# Thread: Complex number.. need an idea to start..

1. ## Complex number.. need an idea to start..

1. The problem statement, all variables and given/known data

Find the principal value of i^2i

2. Relevant equations

principal value = Ln r + iArg(z)

3. The attempt at a solution
dont know how to start..

2. Originally Posted by nameck
1. The problem statement, all variables and given/known data

Find the principal value of i^2i

2. Relevant equations

principal value = Ln r + iArg(z)

3. The attempt at a solution
dont know how to start..
Are you asking for the principle value of $\ln(i^{2i})$? If so it would be nice if you say so.

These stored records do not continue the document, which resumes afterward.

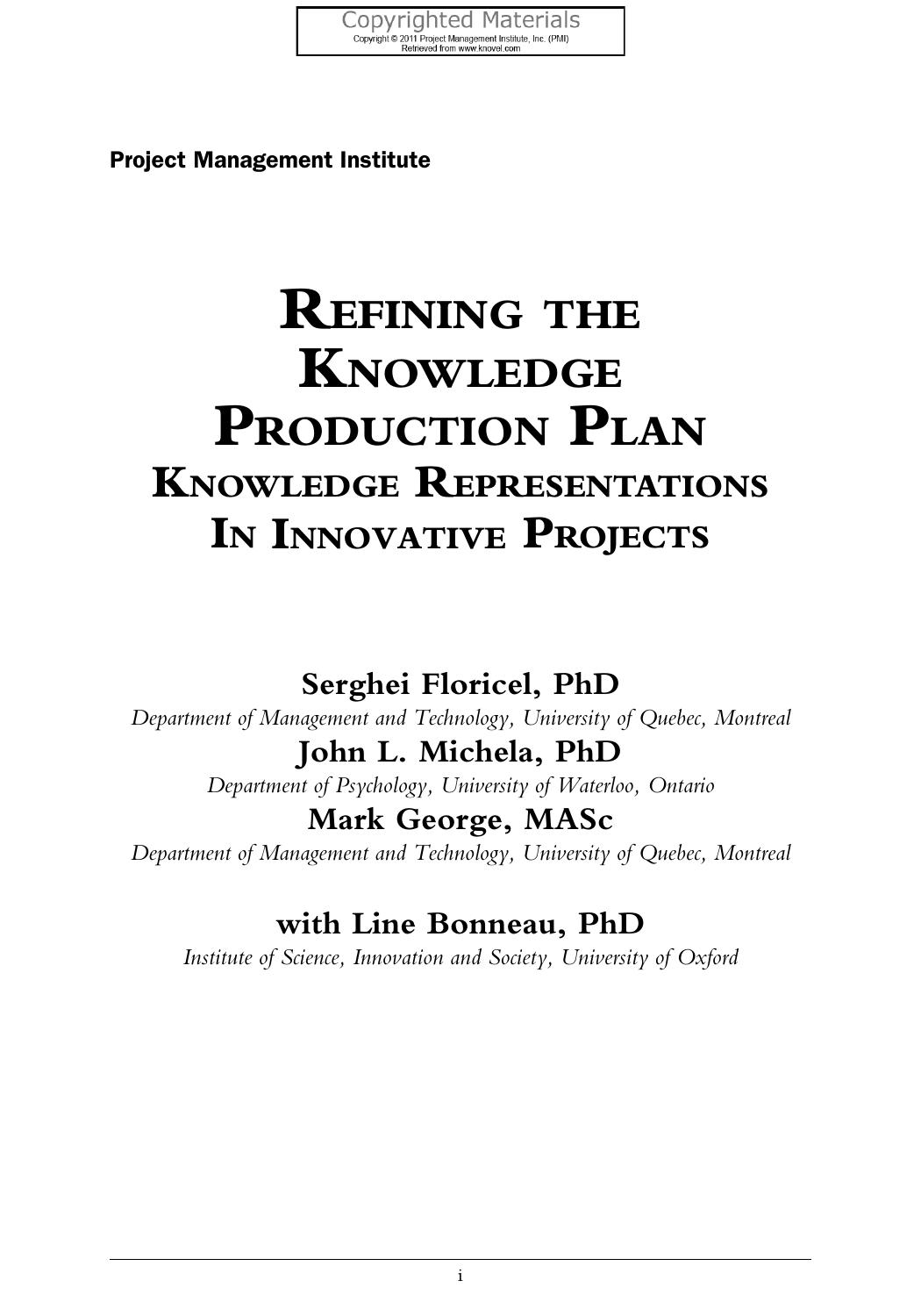 Refining the Knowledge Production Plan: Knowledge Representations in Innovation Projects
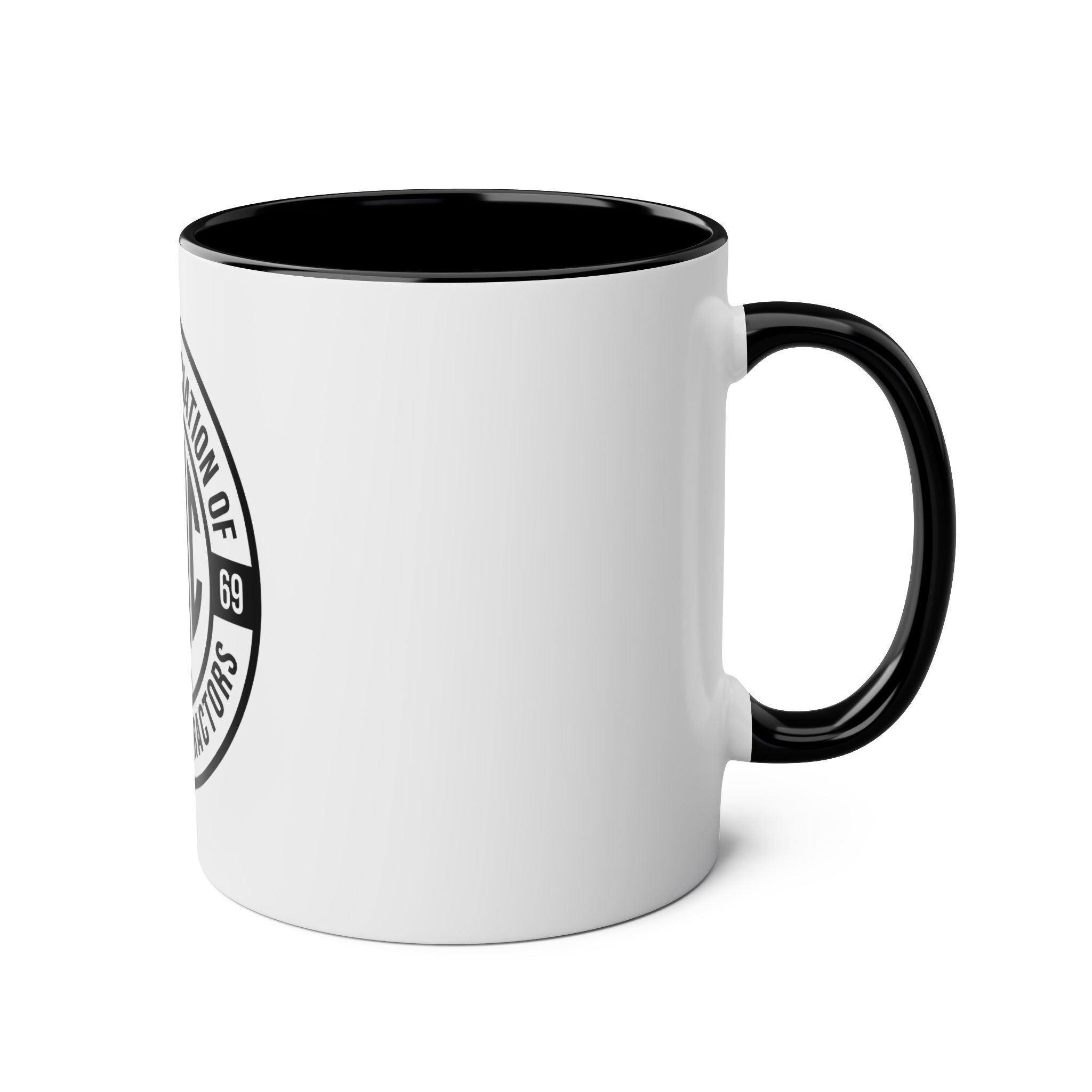 Two-Tone Coffee Mug, NAMC Logo Gift, Customizable Minority Contractors Cup, Unique Office Decor, Perfect for Meetings, Promotional Item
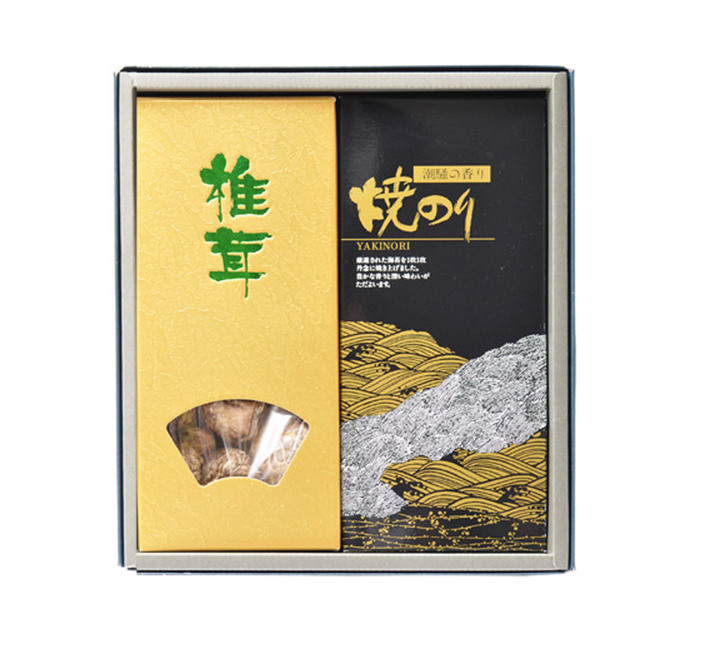 箱入全形半切焼海苔・椎茸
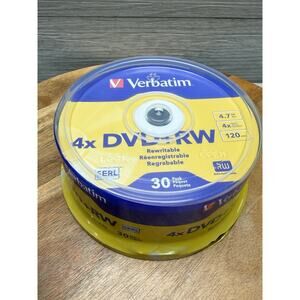 30 Verbatim Blank 4X DVD+RW Logo Branded 4.7GB Rewritable DVD Disc 94834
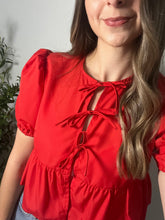 Load image into Gallery viewer, Blushing Red Holiday Top
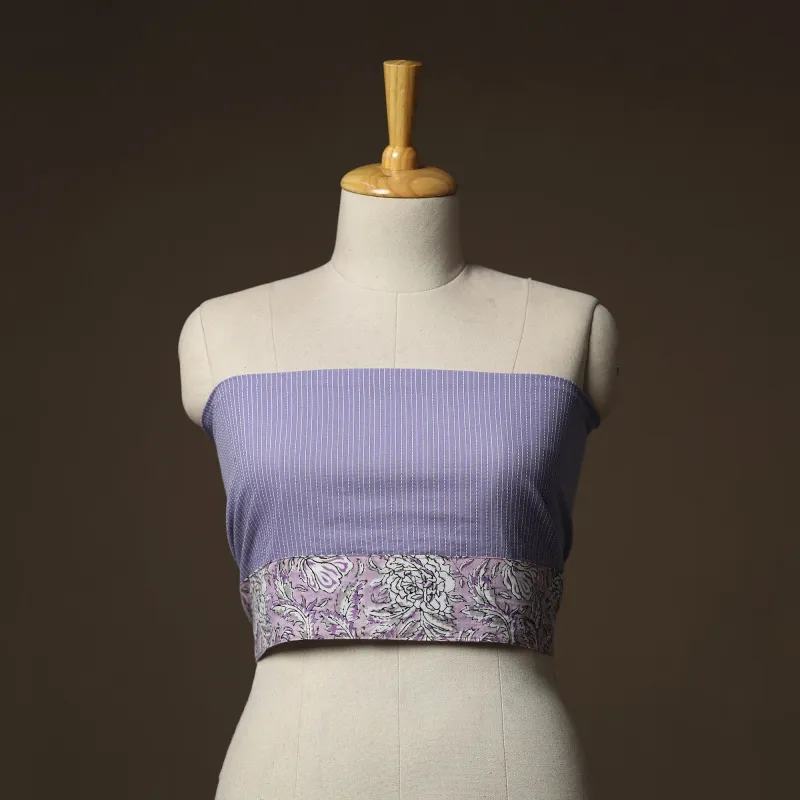 Purple - Running Stitch Plain Cotton Blouse Piece 34 made by Itokri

(start by writing $i$ in exponetial form: $i=r e^{i\theta}$, with $r=1$ and $\theta = \pi/2 + 2n\pi$)

CB

3. I think we are to find the principle value of $i^{2i}$.
$
i^{2i} = \exp \left( {2i\text{Log}(i)} \right) = \exp \left( {(2i)\left( {i\frac{\pi }{2}} \right)} \right) = ?$

4. Yes Plato u are right..

5. I dif that for you. Can you finish?

6. Originally Posted by Plato
I think we are to find the principle value of $i^{2i}$.
$
i^{2i} = \exp \left( {2i\text{Log}(i)} \right) = \exp \left( {(2i)\left( {i\frac{\pi }{2}} \right)} \right) = ?$
how did u get pi/2?

7. Originally Posted by nameck
how did u get pi/2?
The principle value of $z^w=\exp\left(w\cdot\text{Log}(z)\right)$.
Now $\text{Arg}(i)=\frac{\pi}{2}$ and $|i|=1$ so $\ln(1)=0$

8. Originally Posted by Plato
I think we are to find the principle value of $i^{2i}$.
$
i^{2i} = \exp \left( {2i\text{Log}(i)} \right) = \exp \left( {(2i)\left( {i\frac{\pi }{2}} \right)} \right) = ?$
when did u insert Arg(z)?